GPU Web meeting 2022 11 02 03 APAC timed

GPU Web meeting 2022-11-02/03 APAC-timed

Chair: KG

Scribe:

Location: Google Meet

Tentative agenda

Administrivia
CTS Update
“Tacit Resolution” Queue
mapAsync(WRITE) zero-fills the relevant region of the buffer #2926** **(any offline progress?)
How do we specify the timing of external texture expiration? #3324
Multiple components cannot effectively share a GPUDevice because it is stateful #3250
(stretch) Should "mark adapters stale" be called more quickly? #1630
Agenda for next meeting

Attendance

WIP, it is the list of all the people invited to the meeting.
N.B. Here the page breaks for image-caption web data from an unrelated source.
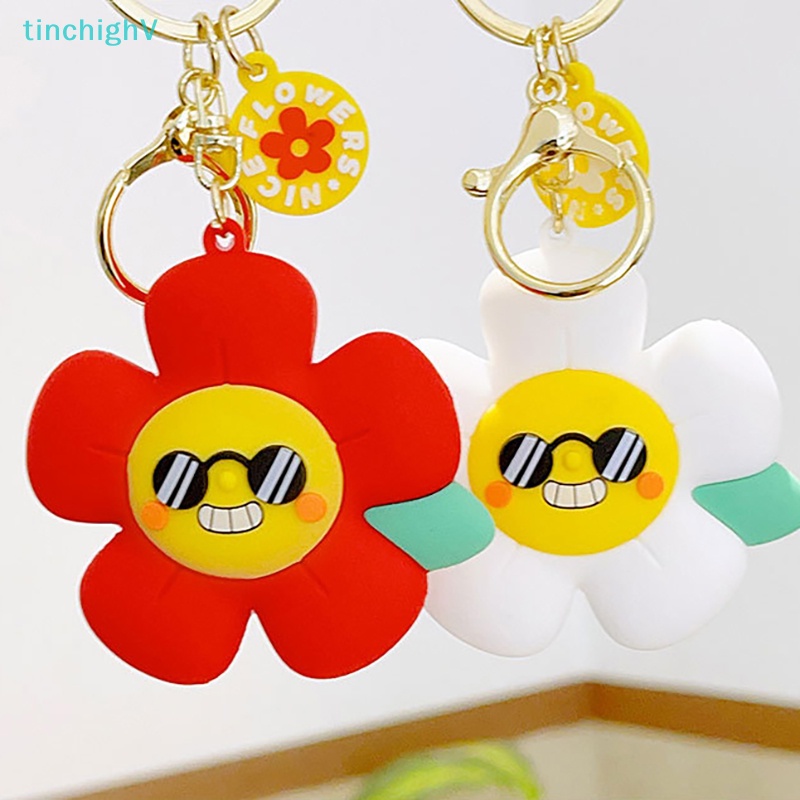 [TinchighV] Móc Chìa Khóa Hình Bông Hoa Hoạt Hình Vui Nhộn Hợp Thời Trang Dành Cho Cặp Đôi Đi Học [Mới]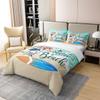 100% Cotton Nautical Ocean Themed Duvet Cover King,Summer Beach Bedding Set for Youth,Surfboard Sea Turtle Starfish Seagull Comforter Cover,Tropical Sealife Bed Sets with 2 Pillowcases Camping Decor view 3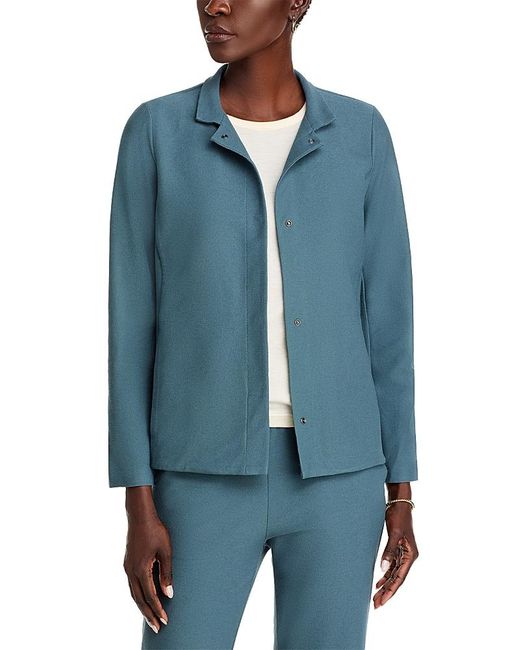 Eileen Fisher Blue Stand Collar Jacket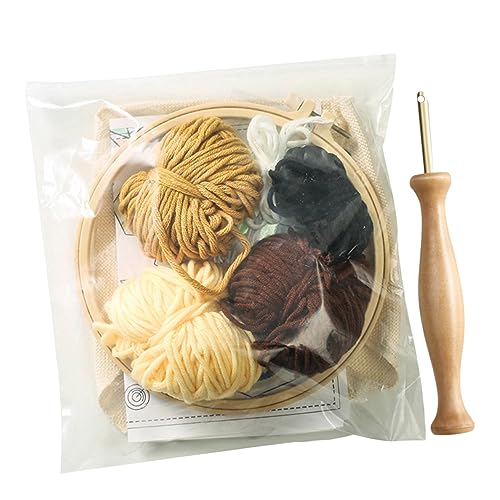 ARTIBETTER Handmade Punch Needle Stickerei Set Diy Materialien für Anfänger mit Löwenmuster Stanznadel und Farbwolle für Kreative Wohnraumdekoration von Artibetter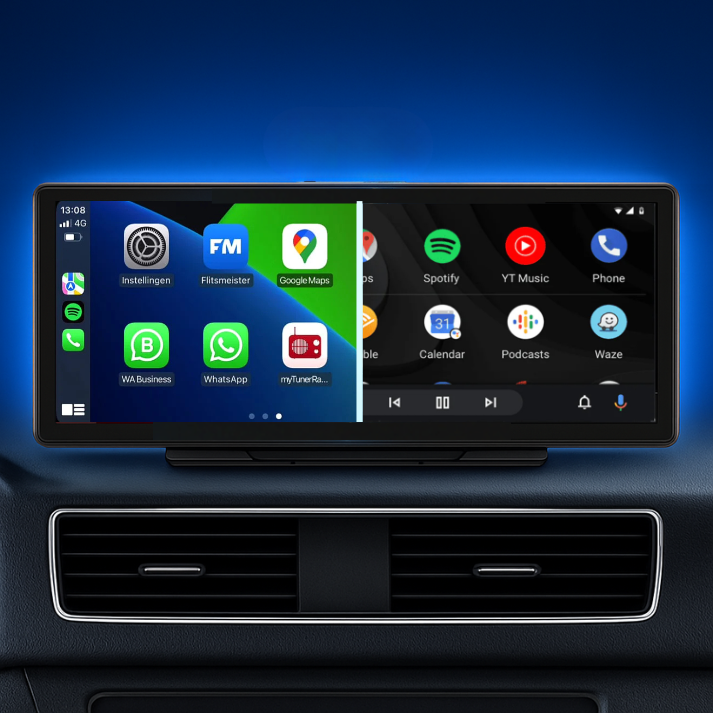 9.3 inch CarPlay scherm met Apple CarPlay en Android Auto – modern navigatiescherm auto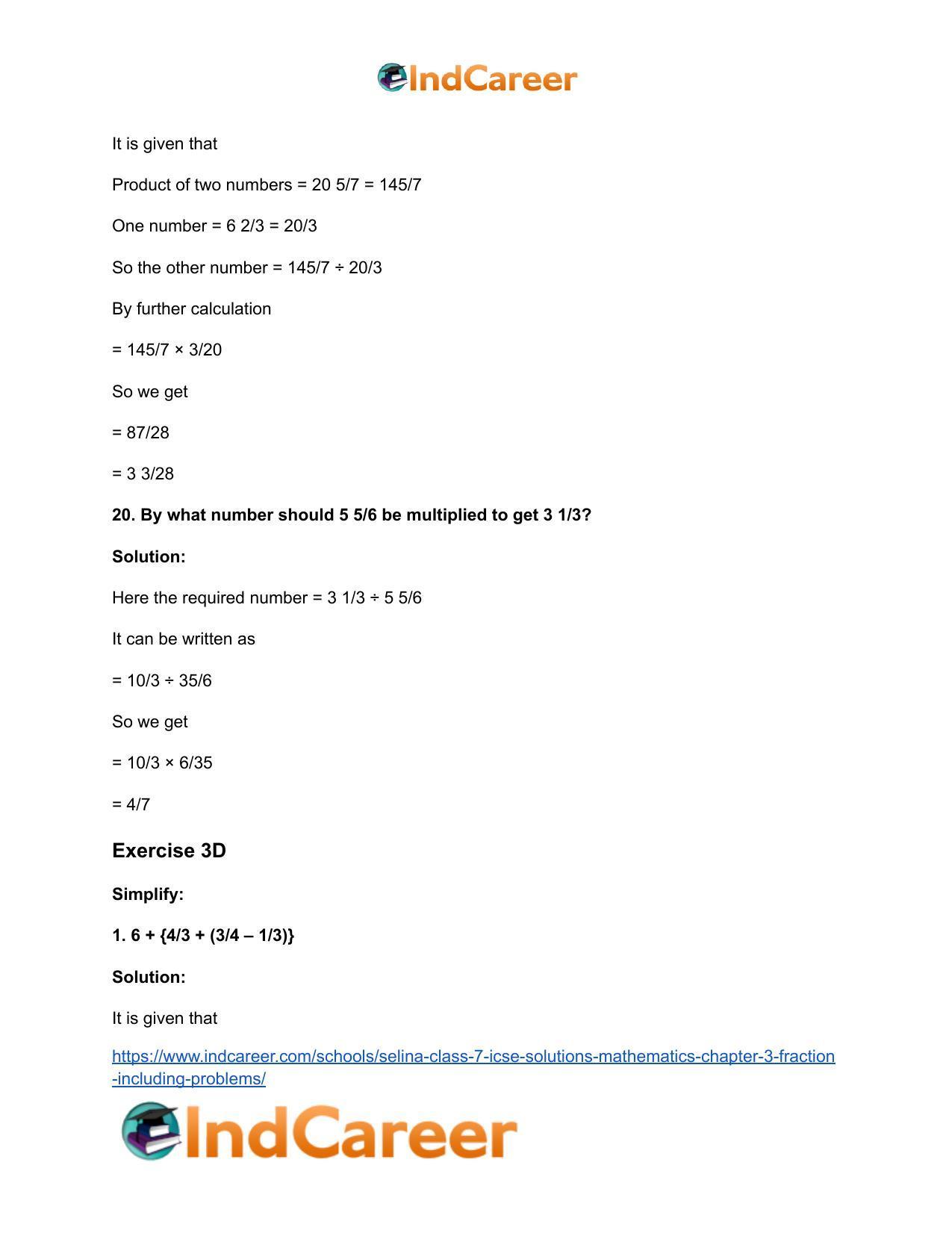 Selina Class 7 ICSE Solutions Mathematics : Chapter 3- Fraction (Including Problems) - Page 102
In bold the people that have been seen in the meeting:

Apple
- Dan Glastonbury
- Myles C. Maxfield
Google
- Austin Eng
- Ben Clayton
- Brandon Jones
- Corentin Wallez
- Dan Sinclair
- David Neto
- Gregg Tavares
- Kai Ninomiya
- Ken Russell
- Loko Kung
- Shannon Woods
- Shrek Shao
- Stephen White
- Ryan Harrison
Intel
- Brandon Jones
- Bryan Bernhart
- Hao Li
- Jiajia Qin
- Jiawei Shao
- Jie Chen
- Shaobo Yan
- Yang Gu
- Yunchao He
- Zhaoming Jiang
Microsoft
- Jesse Natalie
- Rafael Cintron
Mozilla
- Erich Gubler
- Jim Blandy
- Kelsey Gilbert
Snap
- Corvyn Kusuma
- Dhritiman Sagar
- Sumant Hanumante
Unity
- Brendan Duncan
- Dave Shreiner
Connor Fitzgerald
Francois Daoust
Mehmet Oguz Derin
Michael Shannon
Rob Conde
Russell Campbell

Administrivia

CTS Update

KN: nothing big. Most of our team's working on exploratory things the past couple weeks.
Gyuyoung from Igalia's still working on tests, mostly validation tests, hammering stuff out.

“Tacit Resolution” Queue

Empty!

mapAsync(WRITE) zero-fills the relevant region of the buffer #2926 (any offline progress?)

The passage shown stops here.